L’Expérience externe.




24. — William James a dédié une série de leçons sur le Pragmatisme « à la mémoire de John Stuart Mill, qui, le premier, m’enseigna la largeur d’esprit du pragmatiste, et dont j’aime à me persuader qu’il serait aujourd’hui notre chef s’il était encore parmi nous ». L’intention de James était assurément excellente. Il faut toutefois rendre justice à Mill. On dirait, à lire son System of Logic ratiocinative and inductive (1843), qu’il avait prévu le mauvais compliment et qu’il avait tout fait pour se l’éviter. À cette largeur d’esprit dont les pragmatistes s’attribuent le monopole, il oppose avec une grande insistance, au chapitre XXI du livre III, la probité ou, si l’on préfère, la rigidité du logicien : « La preuve n’est pas la force à laquelle l’esprit cède et se trouve contraint à céder ; c’est celle à laquelle il devrait céder, celle qui, s’imposant à nous, rendrait sa croyance conforme aux faits[1]. »
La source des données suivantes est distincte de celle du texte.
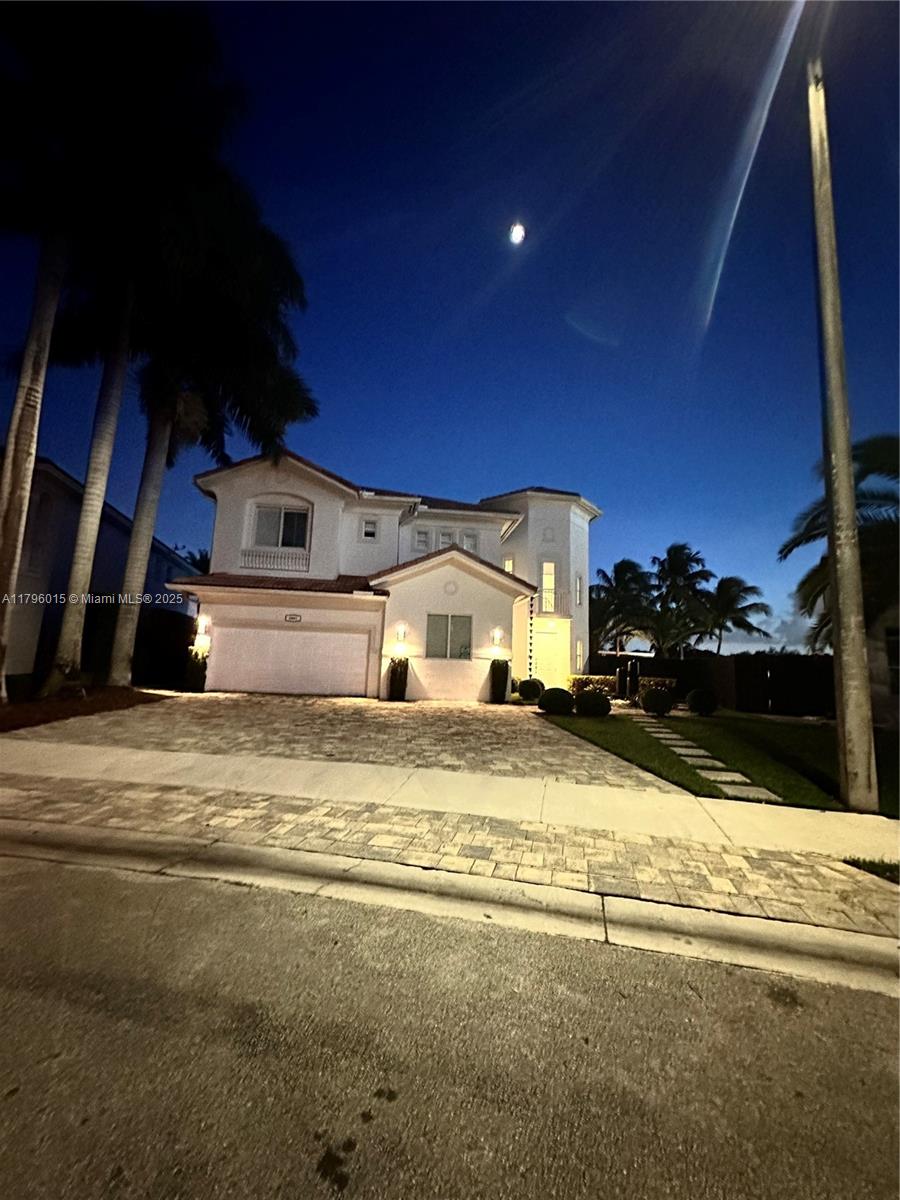 6801 NW 113th Ct Doral, FL 33178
Par conséquent, pour cet associationniste, l’association des idées, en tant que telle, n’a pas de force probante, au contraire. Le devoir du philosophe, c’est de se défendre contre la tyrannie perturbatrice de l’association : « Le mot preuve ne désigne pas ce qui détermine et tout ce qui peut déterminer la croyance. Bien d’autres choses que des preuves peuvent le faire. Une forte association d’idées peut produire une croyance assez ferme pour que ni expérience ni raisonnement puissent l’ébranler. » (Ibid.) Or, remarque précisément Mill, l’habitude de l’analyse philosophique (dont l’effet le plus sûr est de rendre l’esprit capable de commander, au lieu d’obéir, aux lois de sa partie purement passive), en nous montrant que les choses ne sont pas nécessairement en connexion dans la réalité parce que leurs idées sont en connexion dans l’es-

  1. Système de logique déductive et inductive. (Trad. Peisse, t. II, 4e édit., 1896, p. 94. Nous désignerons la traduction Peisse par la lettre P.)